Trois jours avant son assassinat, John Lennon se plaignait de ses détracteurs, les accusant de ne s'intéresser qu'aux «héros morts», et évoquait avec optimisme sa famille et son avenir, imaginant avoir «largement le temps» d'atteindre certains buts qu'il s'était fixés.

La dernière entrevue de l'ex-Beatle a été transmise à l'Associated Press par le magazine Rolling Stone mercredi, 30 ans tout juste après sa mort. Le 8 décembre 1980, le musicien qui venait d'avoir 40 ans était assassiné par balles devant l'immeuble new-yorkais où il résidait.

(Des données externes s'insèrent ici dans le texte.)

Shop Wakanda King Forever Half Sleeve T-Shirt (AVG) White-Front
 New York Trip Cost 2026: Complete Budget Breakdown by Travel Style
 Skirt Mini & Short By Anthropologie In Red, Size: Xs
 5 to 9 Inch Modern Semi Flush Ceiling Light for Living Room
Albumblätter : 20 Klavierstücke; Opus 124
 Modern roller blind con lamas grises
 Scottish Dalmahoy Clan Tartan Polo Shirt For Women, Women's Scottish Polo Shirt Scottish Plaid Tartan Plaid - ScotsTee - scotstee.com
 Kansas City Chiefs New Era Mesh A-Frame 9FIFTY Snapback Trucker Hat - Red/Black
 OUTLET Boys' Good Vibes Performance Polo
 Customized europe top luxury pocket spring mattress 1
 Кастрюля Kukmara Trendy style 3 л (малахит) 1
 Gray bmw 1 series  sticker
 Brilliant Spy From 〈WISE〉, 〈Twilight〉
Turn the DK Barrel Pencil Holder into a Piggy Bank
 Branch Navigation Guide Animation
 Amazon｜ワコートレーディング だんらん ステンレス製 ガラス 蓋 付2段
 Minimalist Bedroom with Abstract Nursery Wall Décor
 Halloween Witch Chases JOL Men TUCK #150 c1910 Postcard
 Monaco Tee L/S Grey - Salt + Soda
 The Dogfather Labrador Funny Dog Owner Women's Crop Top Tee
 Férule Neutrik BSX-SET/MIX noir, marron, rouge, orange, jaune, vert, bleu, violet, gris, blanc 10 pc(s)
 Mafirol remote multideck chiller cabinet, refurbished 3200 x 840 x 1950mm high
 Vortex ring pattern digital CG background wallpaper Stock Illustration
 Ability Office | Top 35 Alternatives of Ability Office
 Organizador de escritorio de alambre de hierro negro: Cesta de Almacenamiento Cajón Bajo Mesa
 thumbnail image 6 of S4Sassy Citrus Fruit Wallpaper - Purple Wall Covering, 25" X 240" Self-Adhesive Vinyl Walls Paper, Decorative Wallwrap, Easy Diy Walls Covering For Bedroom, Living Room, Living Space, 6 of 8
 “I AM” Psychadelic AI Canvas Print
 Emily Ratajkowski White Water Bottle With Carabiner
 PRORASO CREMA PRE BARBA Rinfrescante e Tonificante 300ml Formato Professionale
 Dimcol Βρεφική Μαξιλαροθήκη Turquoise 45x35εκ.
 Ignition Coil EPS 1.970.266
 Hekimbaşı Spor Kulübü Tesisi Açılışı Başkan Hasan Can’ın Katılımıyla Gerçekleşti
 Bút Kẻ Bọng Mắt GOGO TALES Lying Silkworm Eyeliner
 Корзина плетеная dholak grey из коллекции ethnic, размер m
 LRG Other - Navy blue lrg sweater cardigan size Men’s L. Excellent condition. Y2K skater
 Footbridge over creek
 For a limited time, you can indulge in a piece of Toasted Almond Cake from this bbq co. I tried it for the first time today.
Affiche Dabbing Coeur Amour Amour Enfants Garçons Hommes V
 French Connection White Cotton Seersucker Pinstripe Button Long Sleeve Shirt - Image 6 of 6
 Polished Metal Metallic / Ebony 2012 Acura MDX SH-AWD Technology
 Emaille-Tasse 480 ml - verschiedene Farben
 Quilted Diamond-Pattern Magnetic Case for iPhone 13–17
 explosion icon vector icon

Si des extraits de cet entretien réalisé par Jonathan Cott sont parus en 1980 après la disparition de Lennon, jamais encore l'intégralité de l'entrevue, proposée dans le numéro de Rolling Stone attendu en kiosques vendredi, n'avait été publiée par le magazine.

«Ses mots sont totalement joyeux, vibrants, pleins d'espoir, subversifs et dénués de peur», a expliqué Cott, mardi. «Il ne mâchait pas ses mots.»

Dans cet entretien, Lennon réservait certaines de ses paroles les plus dures aux critiques continuellement déçus de l'itinéraire que le musicien originaire de Liverpool avait emprunté, aussi bien en musique que dans sa vie, après la séparation des Fab Four.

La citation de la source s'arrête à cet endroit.